To ensure that a buyer does not find themselves in such a situation, here are six of the most essential factors to consider when viewing a potential property.
As many residents will know, moisture damage and presence debilitate a property, being both difficult to control and a potential threat to furniture and belongings kept in the home. This risk should make checking for moisture, in the form of damp or condensation, an essential step.
Take time to investigate behind furniture where there is little airflow and be sure to make contact with various walls to ascertain any moisture build-up.
Cracks within a home can be incredibly fine, almost hidden, but still lead to considerable infrastructure risk. Both buyers and surveyors should be extremely aware of any potential signs of fissures or cracks since they can be indicative of extremely costly redevelopment costs.
Garden spaces hold great appeal, especially as homeowners seek to buy log cabins and summer houses to make their outdoor space an even more useful asset. However, buyers should scrutinise outdoor spaces beyond their immediate appeal, ensuring that there is no risk of flooding or the presence of invasive and damaging plants, such as Japanese knotweed.
A primary concern for buyers, especially in a period of rising energy costs, should be the EPC rating and insulation of a home. There are a number of contributing factors that make a home more suitable than others, including the quality of insulation and efficiency of the boiler. However, much of a home’s heat is built on the foundation of its walls and windows. As such, draughts are an important consideration.
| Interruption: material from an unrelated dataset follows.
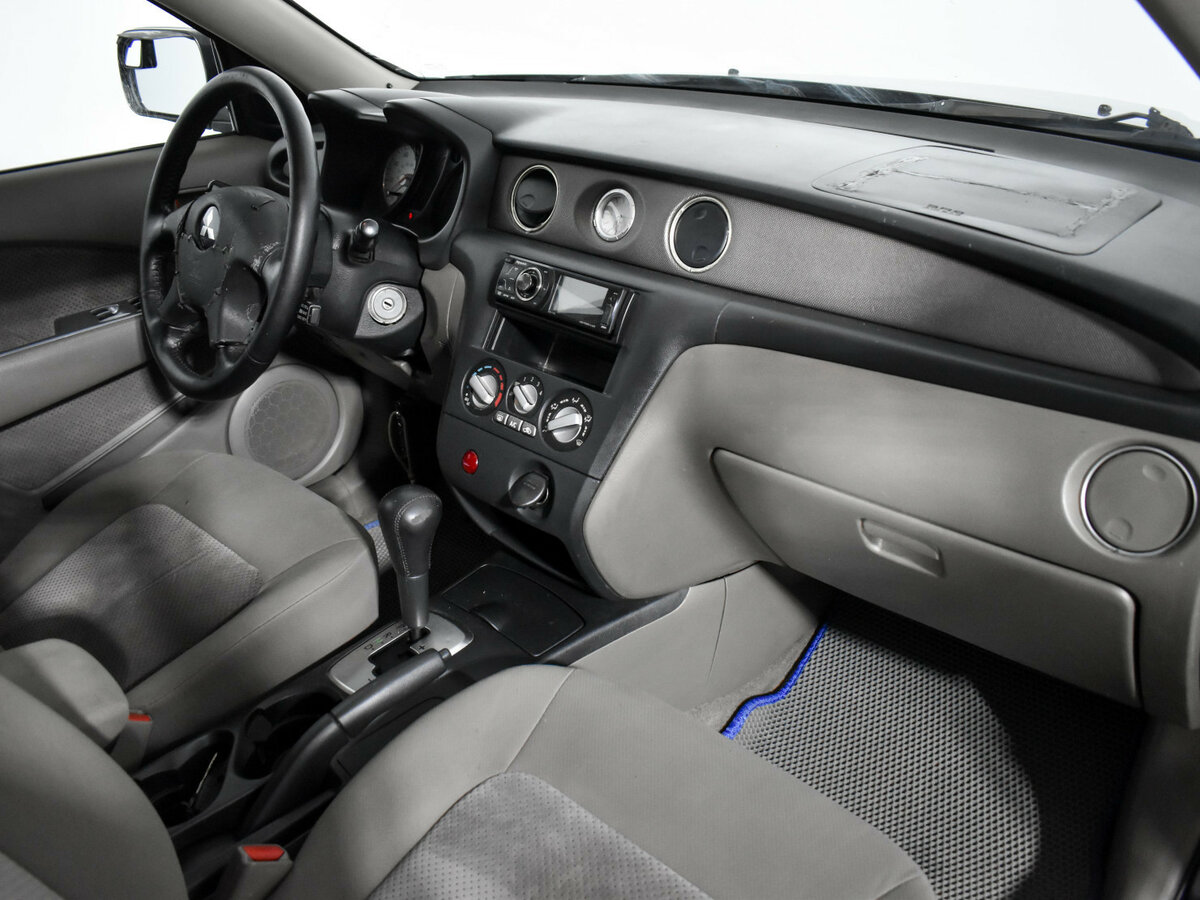 Купить Mitsubishi Outlander с пробегом. Фото: #9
Buyers would do well to investigate windows and openings to ensure that, once closed, they prevent breezes from passing through.
A single cracked tile on a roof can lead to leakage that, in turn, can lead to moisture build-up and long term damage. A buyer cannot perform a casual check of the roof from the ground and ensure it is safe. If it is not possible to investigate more closely, be sure to specific tile checks in a surveyor’s notes, since it could leave a home only one rainfall away from severe leaking.
While a buyer might already have a general idea of the local neighbourhood, they would do well to investigate the home at different times of day. Street lights can have an impact on one’s property if they are too close to windows and school periods can make parking and accessibility incredibly frustrating.
Make attempts to visit the property at various hours, even passing by later in the evening, as this will ensure that you get a better understanding of environmental factors that may not be noticed during a brief midday property viewing.